■ Source material ■

+===+

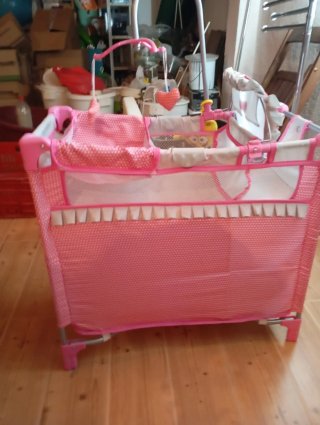 Cuna cambiador de muñecas rosa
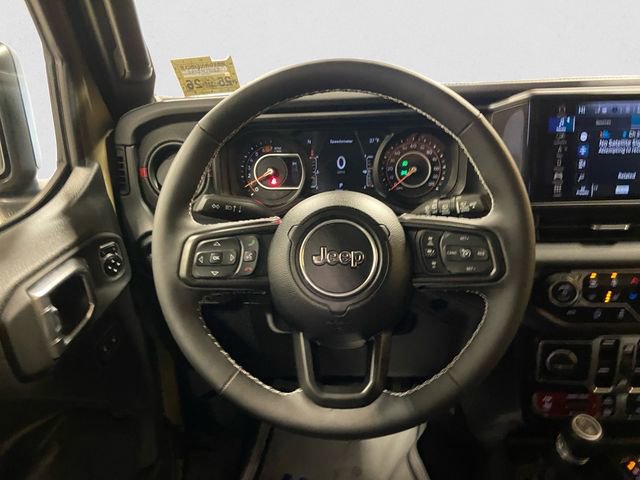 Used 2025 Jeep Wrangler Unlimited Rubicon w/ Technology Group image 14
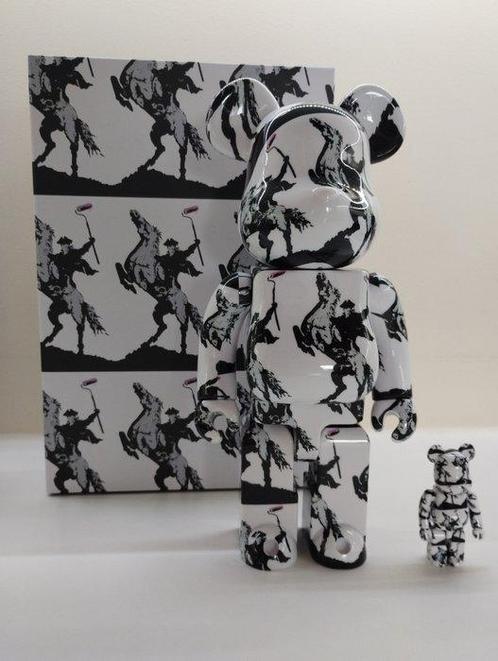 Banksy (1974) - Medicom Toy x Banksy - Be@rbrick 400% + 100%, Antiek en Kunst, Kunst | Schilderijen | Modern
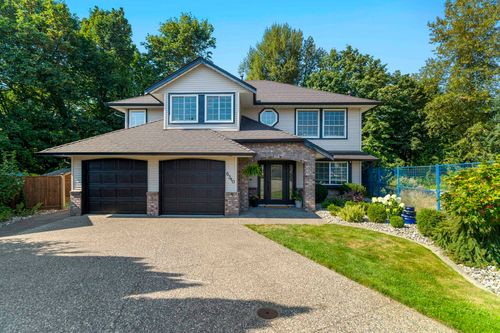 {{alt}} | Card Image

+===+

■ What you are asked to do ■
The complete listing must be transcribed verbatim, and all pictures are to be omitted.

■ Response for this exercise ■
 Cuna cambiador de muñecas rosa
 Used 2025 Jeep Wrangler Unlimited Rubicon w/ Technology Group image 14
 Banksy (1974) - Medicom Toy x Banksy - Be@rbrick 400% + 100%, Antiek en Kunst, Kunst | Schilderijen | Modern
 {{alt}} | Card Image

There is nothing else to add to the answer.